Também é preciso saber dizer “não”. A filósofa italiana Donatella Di Cesare [3] lança luzes sobre a importância da desobediência: “o gesto de quem diz ‘não’ não pode ser interpretado como um ato irresponsável de delinquência. Desobedecer é um ato responsável. Esta é a lição que vem de Eichmann. Se eu não posso ser considerado responsável porque me limitei a obedecer, então quando eu obedeço cegamente, seguindo a lei, eu me subtraio à responsabilidade.
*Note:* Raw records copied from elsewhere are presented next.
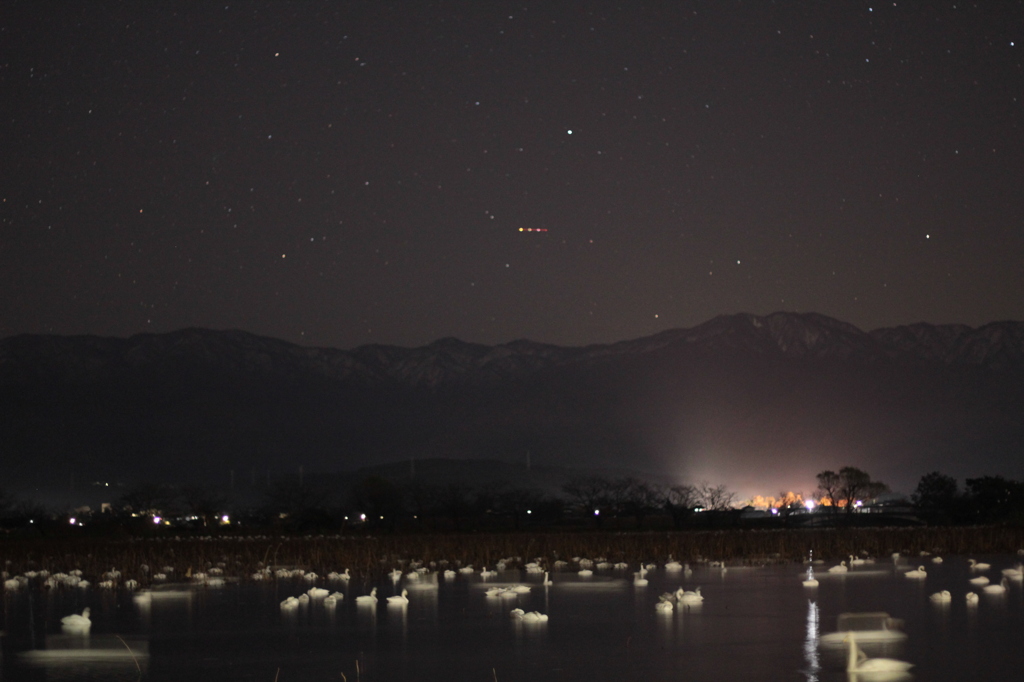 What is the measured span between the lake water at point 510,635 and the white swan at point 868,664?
16 centimetres

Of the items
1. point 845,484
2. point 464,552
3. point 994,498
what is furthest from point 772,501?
point 464,552

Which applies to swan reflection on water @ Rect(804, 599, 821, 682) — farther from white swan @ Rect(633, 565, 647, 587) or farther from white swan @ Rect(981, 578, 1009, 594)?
white swan @ Rect(633, 565, 647, 587)

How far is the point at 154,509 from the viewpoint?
11019 centimetres

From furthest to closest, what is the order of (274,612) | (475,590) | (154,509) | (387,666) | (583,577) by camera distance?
(154,509) < (583,577) < (475,590) < (274,612) < (387,666)

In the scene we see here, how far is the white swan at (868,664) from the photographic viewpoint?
1336 centimetres

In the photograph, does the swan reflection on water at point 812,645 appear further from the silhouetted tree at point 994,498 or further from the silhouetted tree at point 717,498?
the silhouetted tree at point 717,498

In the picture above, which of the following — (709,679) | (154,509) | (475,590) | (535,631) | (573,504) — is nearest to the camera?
(709,679)

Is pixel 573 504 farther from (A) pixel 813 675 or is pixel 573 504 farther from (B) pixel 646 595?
(A) pixel 813 675

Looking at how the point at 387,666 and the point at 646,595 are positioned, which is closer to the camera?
the point at 387,666

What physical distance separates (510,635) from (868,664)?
567 centimetres

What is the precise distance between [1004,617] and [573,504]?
102 metres

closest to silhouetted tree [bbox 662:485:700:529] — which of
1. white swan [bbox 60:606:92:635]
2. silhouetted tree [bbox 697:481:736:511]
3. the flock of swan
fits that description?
silhouetted tree [bbox 697:481:736:511]

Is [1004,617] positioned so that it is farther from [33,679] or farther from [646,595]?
[33,679]

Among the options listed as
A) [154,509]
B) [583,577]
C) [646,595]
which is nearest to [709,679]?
[646,595] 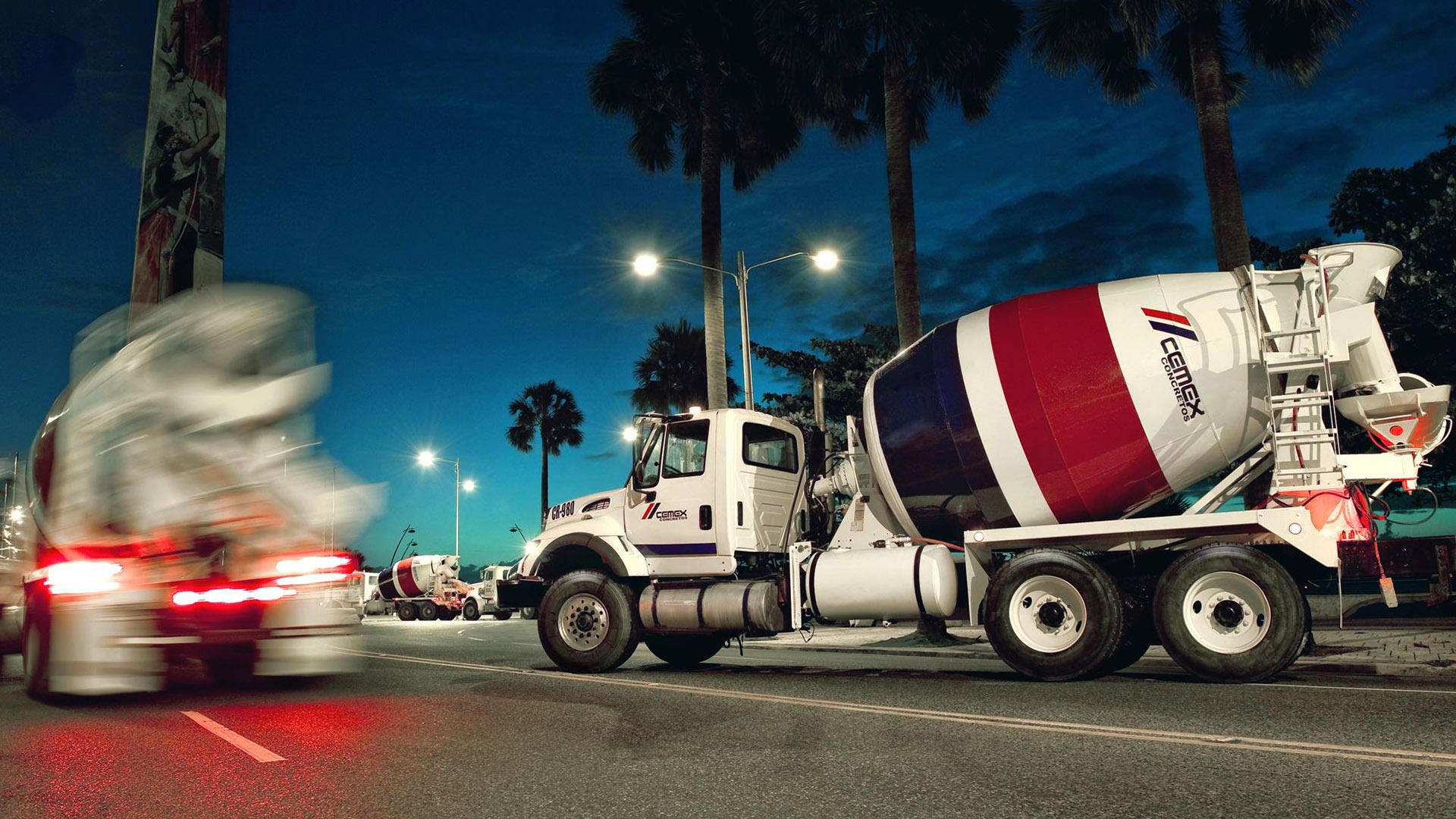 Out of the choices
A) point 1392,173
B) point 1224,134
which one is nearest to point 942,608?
point 1224,134

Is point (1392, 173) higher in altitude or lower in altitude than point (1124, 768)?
higher

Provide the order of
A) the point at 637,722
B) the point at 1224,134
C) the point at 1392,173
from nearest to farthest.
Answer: the point at 637,722 < the point at 1224,134 < the point at 1392,173

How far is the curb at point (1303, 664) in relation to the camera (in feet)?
29.6

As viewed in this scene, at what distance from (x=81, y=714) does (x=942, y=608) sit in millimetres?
7304

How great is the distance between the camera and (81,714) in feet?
25.6

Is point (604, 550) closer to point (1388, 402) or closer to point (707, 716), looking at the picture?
point (707, 716)

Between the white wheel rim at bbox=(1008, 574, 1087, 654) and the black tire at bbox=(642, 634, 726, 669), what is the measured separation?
438 cm

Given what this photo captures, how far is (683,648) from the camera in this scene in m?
12.1

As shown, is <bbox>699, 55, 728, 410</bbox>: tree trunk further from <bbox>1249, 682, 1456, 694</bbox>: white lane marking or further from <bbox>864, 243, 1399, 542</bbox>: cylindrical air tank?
<bbox>1249, 682, 1456, 694</bbox>: white lane marking

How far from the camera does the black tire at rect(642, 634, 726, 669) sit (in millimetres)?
12039

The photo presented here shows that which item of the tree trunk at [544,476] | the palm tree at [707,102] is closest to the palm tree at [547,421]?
the tree trunk at [544,476]

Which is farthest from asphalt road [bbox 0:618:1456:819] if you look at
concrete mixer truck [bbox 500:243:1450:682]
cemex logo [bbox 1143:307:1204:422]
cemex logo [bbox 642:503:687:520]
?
cemex logo [bbox 1143:307:1204:422]

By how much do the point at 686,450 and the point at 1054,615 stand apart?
444 cm

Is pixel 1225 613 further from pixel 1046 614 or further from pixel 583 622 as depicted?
pixel 583 622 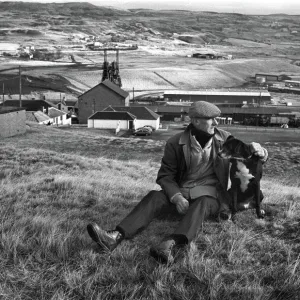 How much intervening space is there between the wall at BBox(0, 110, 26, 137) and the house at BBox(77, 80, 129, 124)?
22173mm

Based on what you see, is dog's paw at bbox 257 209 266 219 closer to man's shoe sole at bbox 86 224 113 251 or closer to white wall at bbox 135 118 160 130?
man's shoe sole at bbox 86 224 113 251

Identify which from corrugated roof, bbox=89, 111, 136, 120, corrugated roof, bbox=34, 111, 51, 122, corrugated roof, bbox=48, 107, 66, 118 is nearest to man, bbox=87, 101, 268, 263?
corrugated roof, bbox=89, 111, 136, 120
Em um mundo onde as ações são segmentadas, e a monstruosidade do todo corre o risco de não ser vista, onde a indiferença exonera de reagir, onde a impotência política é confundida com neutralidade soberana, a desobediência civil é uma obrigação democrática”.
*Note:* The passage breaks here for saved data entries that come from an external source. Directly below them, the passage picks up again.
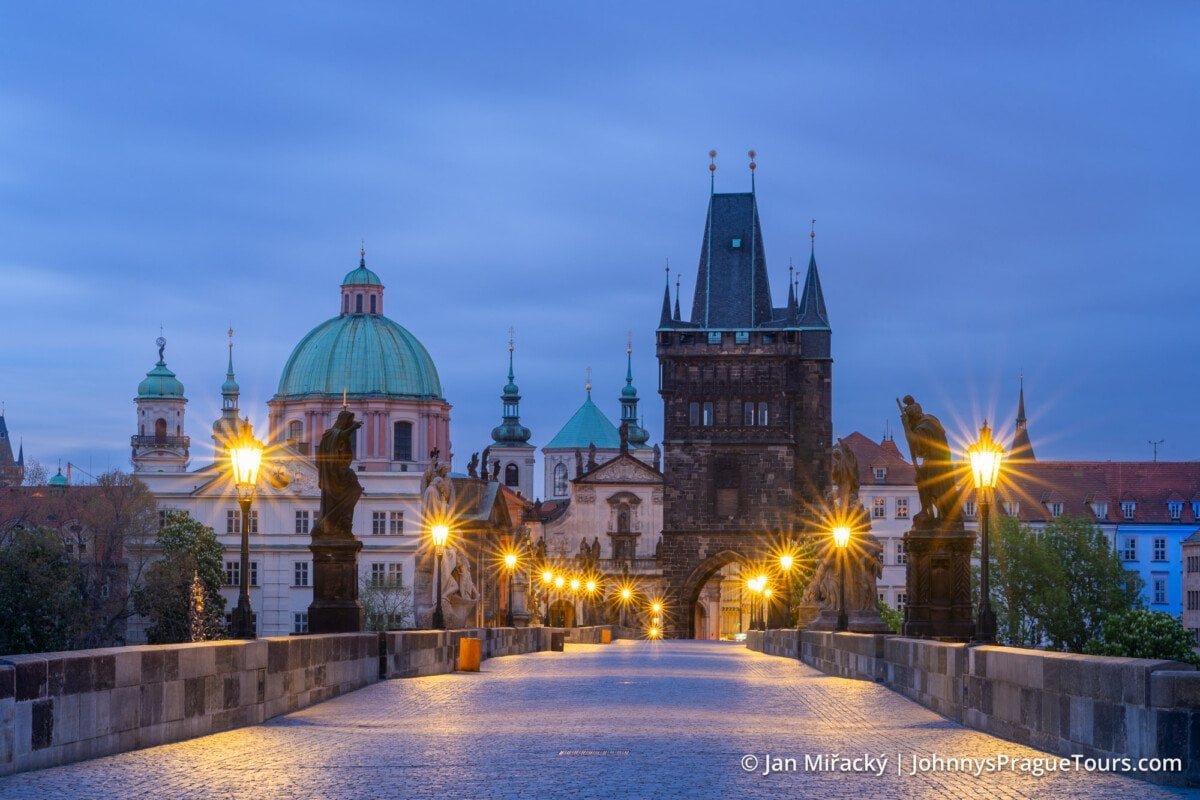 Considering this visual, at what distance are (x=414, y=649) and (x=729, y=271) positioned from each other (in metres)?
98.5

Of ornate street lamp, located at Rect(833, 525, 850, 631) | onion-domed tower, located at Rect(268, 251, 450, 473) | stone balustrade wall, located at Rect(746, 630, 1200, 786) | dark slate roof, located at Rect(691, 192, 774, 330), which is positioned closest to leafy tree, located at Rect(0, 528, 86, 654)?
Answer: ornate street lamp, located at Rect(833, 525, 850, 631)

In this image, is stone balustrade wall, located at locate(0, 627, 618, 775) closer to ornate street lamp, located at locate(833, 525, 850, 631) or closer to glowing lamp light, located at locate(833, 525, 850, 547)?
ornate street lamp, located at locate(833, 525, 850, 631)

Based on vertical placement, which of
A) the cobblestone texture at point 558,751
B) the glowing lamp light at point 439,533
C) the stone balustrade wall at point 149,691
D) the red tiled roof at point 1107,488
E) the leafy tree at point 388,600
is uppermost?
the red tiled roof at point 1107,488

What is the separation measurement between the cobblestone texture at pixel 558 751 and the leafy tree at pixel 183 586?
68.9 metres

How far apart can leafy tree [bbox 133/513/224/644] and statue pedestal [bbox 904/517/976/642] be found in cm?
6794

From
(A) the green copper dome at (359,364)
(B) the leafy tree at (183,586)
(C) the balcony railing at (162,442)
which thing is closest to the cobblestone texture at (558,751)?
(B) the leafy tree at (183,586)

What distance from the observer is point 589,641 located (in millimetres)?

Cabe à resistência democrática entender a dinâmica das fendas e transformar as fissuras em fraturas que nos libertem dos aprisionamentos.

 

Como também alerta o Saul Leblon [4],

“A insatisfação social é tão densa que se pode cortar com uma faca. […] Apenas 11% dos brasileiros acreditam, de fato, que a falange no poder beneficiará os trabalhadores, conforme informou discretamente a Folha em página interna na edição de 26 de janeiro. […] Um Brumadinho de ódio e ganância soterra a nação. Há volúpia e sofreguidão no ar. […] Para resistir é necessário recusar os limites do jogo conservador e os seus fundamentos. Não é possível afrontar o que se desenha sem uma ampla organização popular capaz de conquistar o poder de Estado e democratizar suas decisões. […] A questão a ser respondida pelo conjunto das forças progressistas brasileiras é se há audácia para romper a camisa de força das respostas ordinárias quando o extraordinário acontece”.

 

A hora da verdade vai chegar, o caldo da insatisfação popular, da revolta contra todas essas injustiças, ainda haverá de transbordar.

 

 

Precisamos, simultaneamente, nos educar para o “nunca mais (buscando objetar e superar não apenas o entulho autoritário da ditadura, mas as opressões históricas mais profundas e o abismo social herdado do colonialismo, da escravidão e do patriarcalismo). Portanto, uma educação pós-autoritária, numa perspectiva humanística, emancipatória e libertária, para a paz e a democracia.

 

Pela frente, teremos o desafio de reconstruir, a partir de novos aprendizados, um novo projeto democrático para o país, que valorize ainda mais a sororidade, as africanidades, a latinoamericanidade, a demodiversidade (coexistência de diferentes modelos e práticas democráticas), a sustentabilidade e outras formas inclusivas, plurais, acolhedoras, amorosas, festivas e solidárias de coexistência social.

 

#JustiçaAindaQueTardia

#LulaLivre

#PátriaLivre

#MarielleVive

#CancellierVive

#DitaduraNuncaMais

#ReformaDaPrevidênciaUmaOva

#GreveGeralJá

 

NOTAS

[1] “Comemorar golpe de 1964 é imoral e inadmissível, diz relator da ONU”. Jornal alemão DW, 29/03/2019. Disponível em: https://p.dw.com/p/3Fudr.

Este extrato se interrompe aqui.